Magee-Womens Research Institute & Foundation

Damage to the muscles and tissues that provide support to the pelvic organs at the time of vaginal birth can lead to debilitating conditions across the female lifespan. Unfortunately, scientifically based therapies to treat these disorders are sparse. We aim to improve the lives of women by improving the efficacy of current treatments and developing novel therapies specifically targeted at repairing underlying injury.
Pamela Moalli, MD, PhD

Research in Brief

Translational Research Laboratories in Urogynecology (TRLU): Co-directed by Pamela Moalli, MD PhD and Steve Abramowitch, PhD, the overarching goal of this collaboration is to contribute insights into the pathogenesis, diagnosis, and treatment of pelvic organ prolapse and urinary incontinence – two common pelvic floor disorders. Their main areas of research focus are 1) comprehensive analysis of commonly used biomaterials in urogynecologic procedures 2) defining mechanisms of failure after reconstructive pelvic surgeries, 3) designing novel devices for surgical repair 4) defining mechanisms of maternal birth injury, 5) and vaginal biofabrication for women experiencing massive tissue loss. The group has expertise in computational modeling, cellular and molecular biology including both traditional and high throughput platforms, soft tissue mechanics, mechanobiology, tissue regeneration and immunomodulation.

TRLU’s current portfolio of investigations include:

Synthetic materials for urogynecologic applications: The group is a world leader in studies defining the impact of commonly used urogynecologic meshes on the vagina in animal models (primate) and women, modifying the host response to improve long term outcomes, and developing materials that are designed specifically to match the properties of the vagina. In ex vivo mechanical tests in conjunction with computational analyses, they have clearly demonstrated that prolapse meshes often have markedly unstable geometries with a dramatic loss of porosity with small applications of tension and that stresses imposed on the vagina by the mesh have significant regional variability. These effects are largely driven by modifiable factors including the pore geometry of the mesh, the degree of tension, and how the mesh is anchored.
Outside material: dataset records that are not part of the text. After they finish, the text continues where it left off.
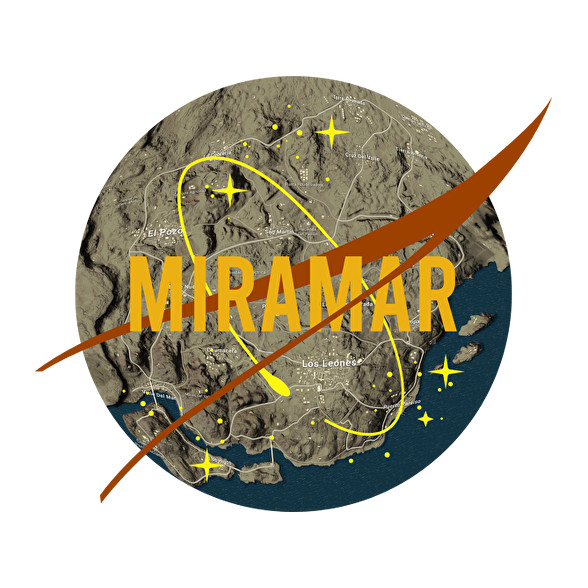 PUBG NASA: MIRAMAR-Női V-nyakú póló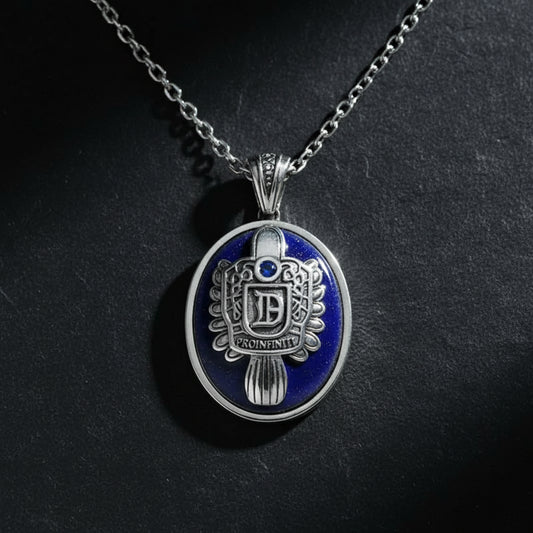 Real Sterling Silver Custom Vampire Diaries Damon & Stefan Salvatore Pendant - The Vampire Diaries - 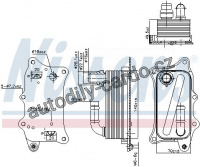 Chladič motorového oleje NISSENS 90918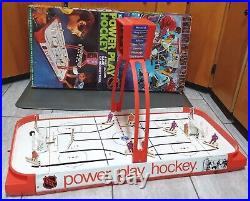 Rare 1972/73 Coleco Powerplay Table Hockey Game, With Box, LA vs Atlanta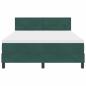 Preview: ARDEBO.de - Boxspringbett mit Matratze Dunkelgrün 160x200 cm Samt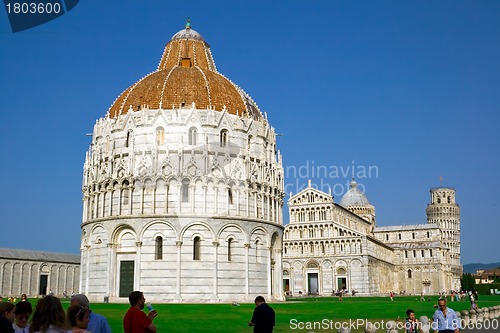 Image of Baptistery in Pisa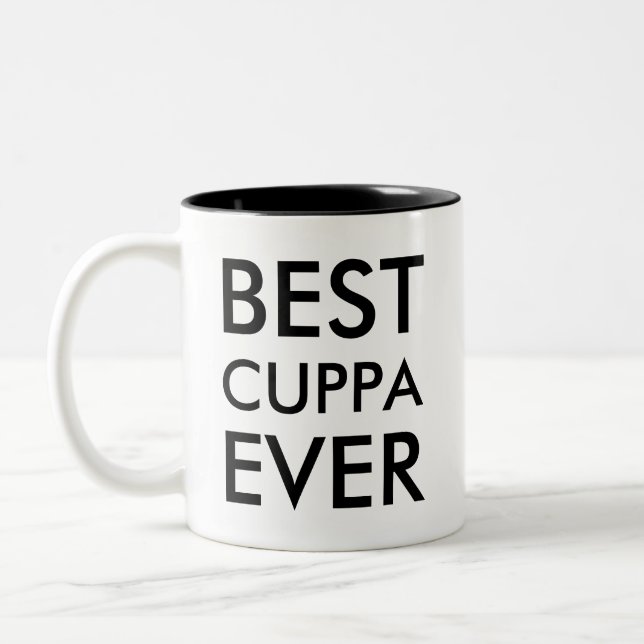 Best Cuppa Ever | Tea lover Gift Two-Tone Coffee Mug (Left)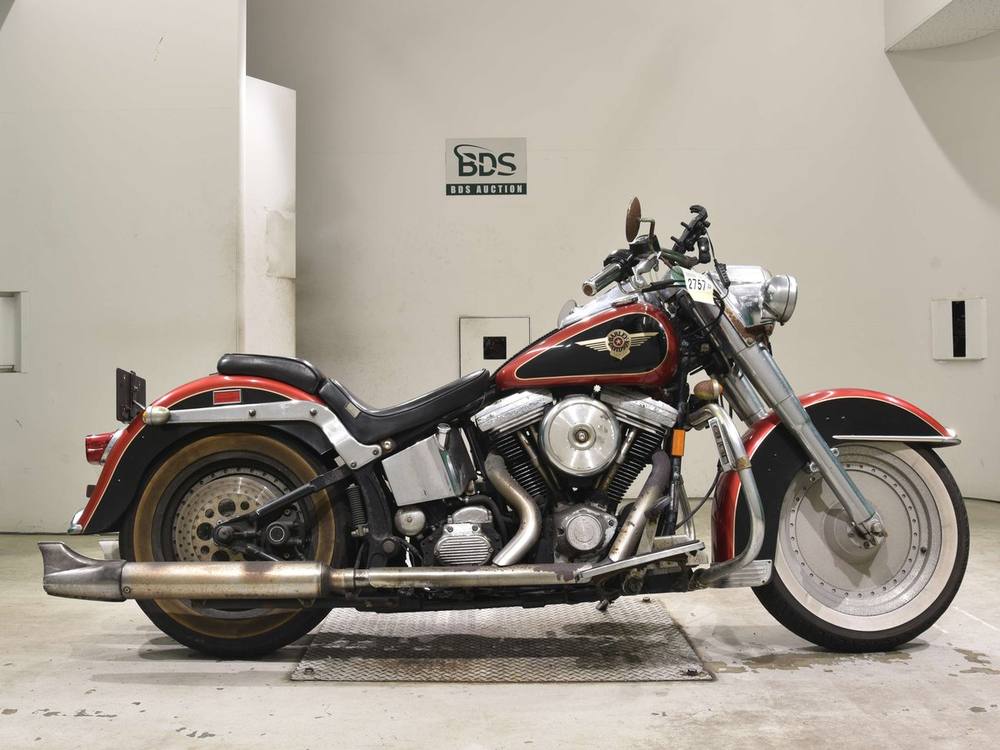 HD FATBOY FLSTF1340 1998, рама 1HD1BML10WY030134 – мотоцикл из Японии с аукциона BDS, фото 1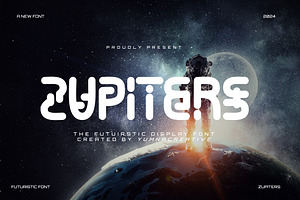 Zupiters - Futuristic Display Font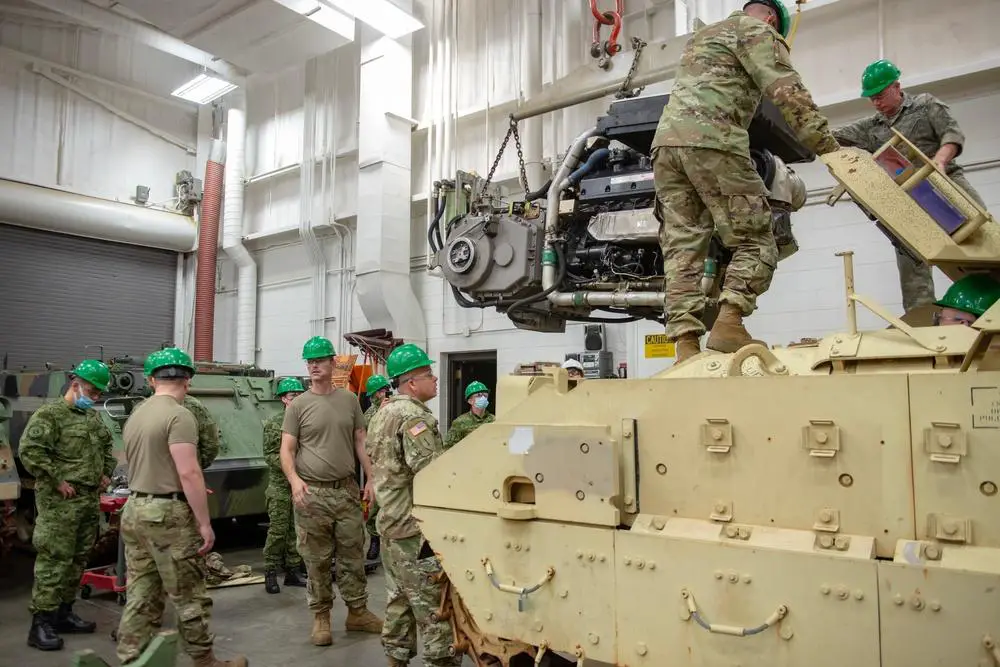 Croatian Service Members visit the Regional Training Site-Maintenance (RTS-M) at Camp Ripley, Minnesota, October 24, 2021, to continue the partnership for peace between the two nations. 
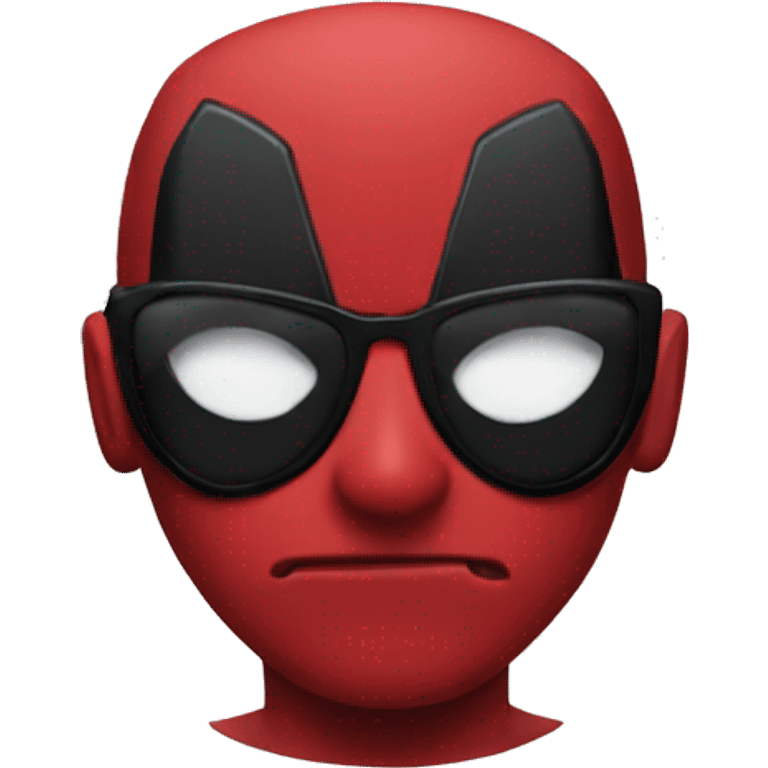 Deadpool with sunglasses  emoji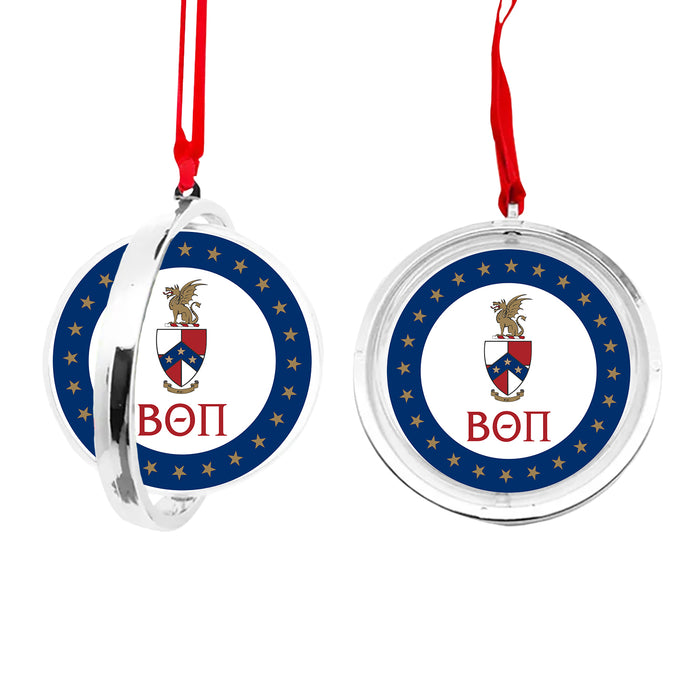 Beta Theta Pi Christmas Reversible Flat Round Ornament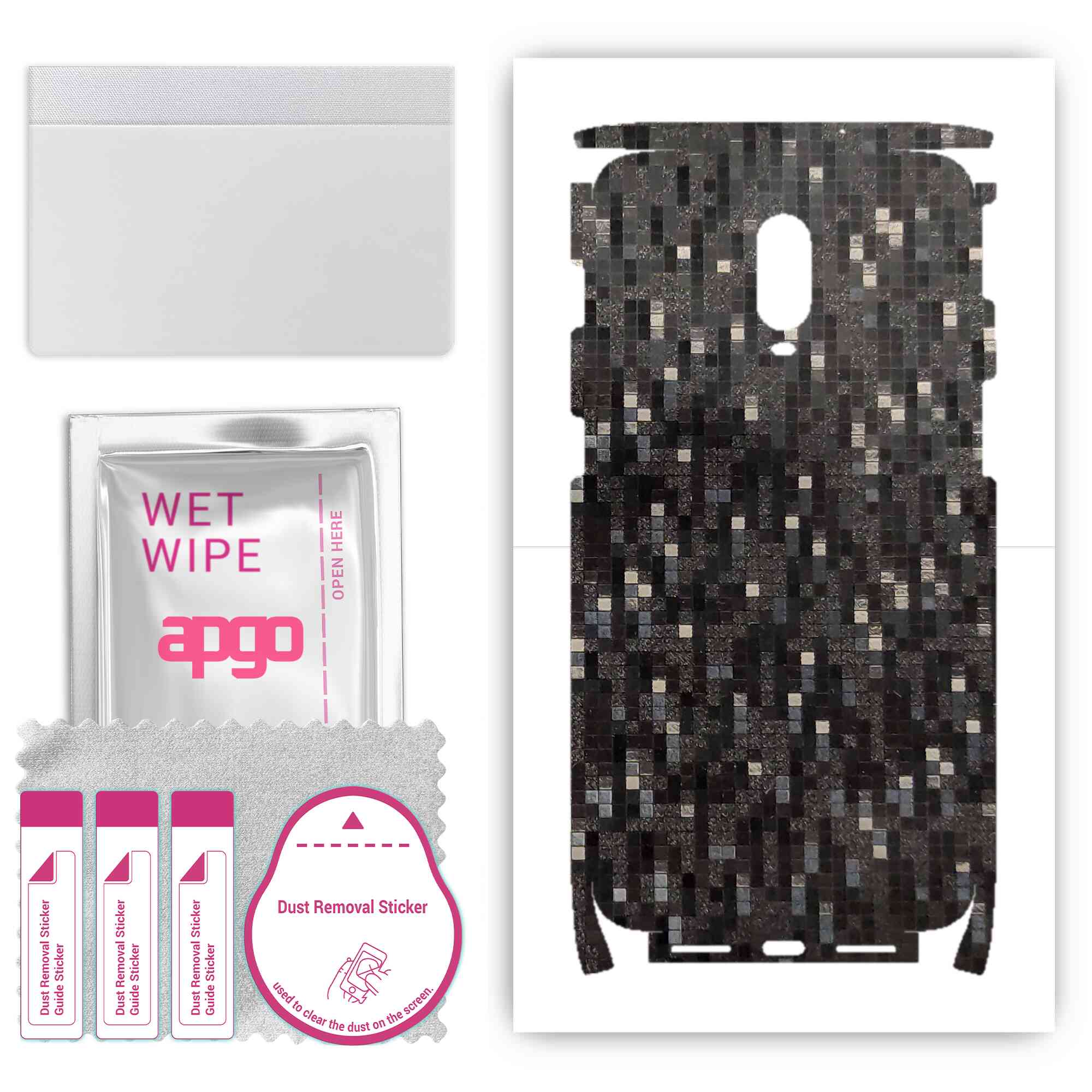 Apgo Protective Skin Sticker for the back+sides compatible with OnePlus 6T ML, Full Wrap Film, Foil, Vinyl – Pattern Carbon Black Pixel
Apgo Protective Skin Sticker for the back+sides compatible with OnePlus 6T ML, Full Wrap Film, Foil, Vinyl – Pattern Carbon Black Pixel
Indeed, the group’s experimental and computational model predictions of the impact of these mechanical effects are confirmed in mesh explants removed from women with mesh complications which demonstrate buckles, folds, and pore collapse. Using ex vivo mechanical tests in conjunction with animal models and computational analyses, the group has demonstrated that most mesh used for incontinence and prolapse surgery have unstable geometries with a loss of porosity under modest tension. They have demonstrated that this is a mechanism for complications (exposures and visceral erosions). The group is currently developing a new generation of meshes based on elastomeric polymers and stable geometries as an alternative to current polypropylene meshes which plastically deform when loaded. In addition, they are working towards personalized meshes based on 3D modeling of an individual patient’s vagina and specific support defects with the idea that it is unlikely that a single mesh type and geometry is an appropriate match for all women with prolapse. The group is building more comprehensive computational models to provide insight into mechanisms of maternal injury at the time of vaginal birth. Finally, they are fabricating synthetic mechanical niches for engraftment of vaginal stem cells for use in vaginal biofabrication.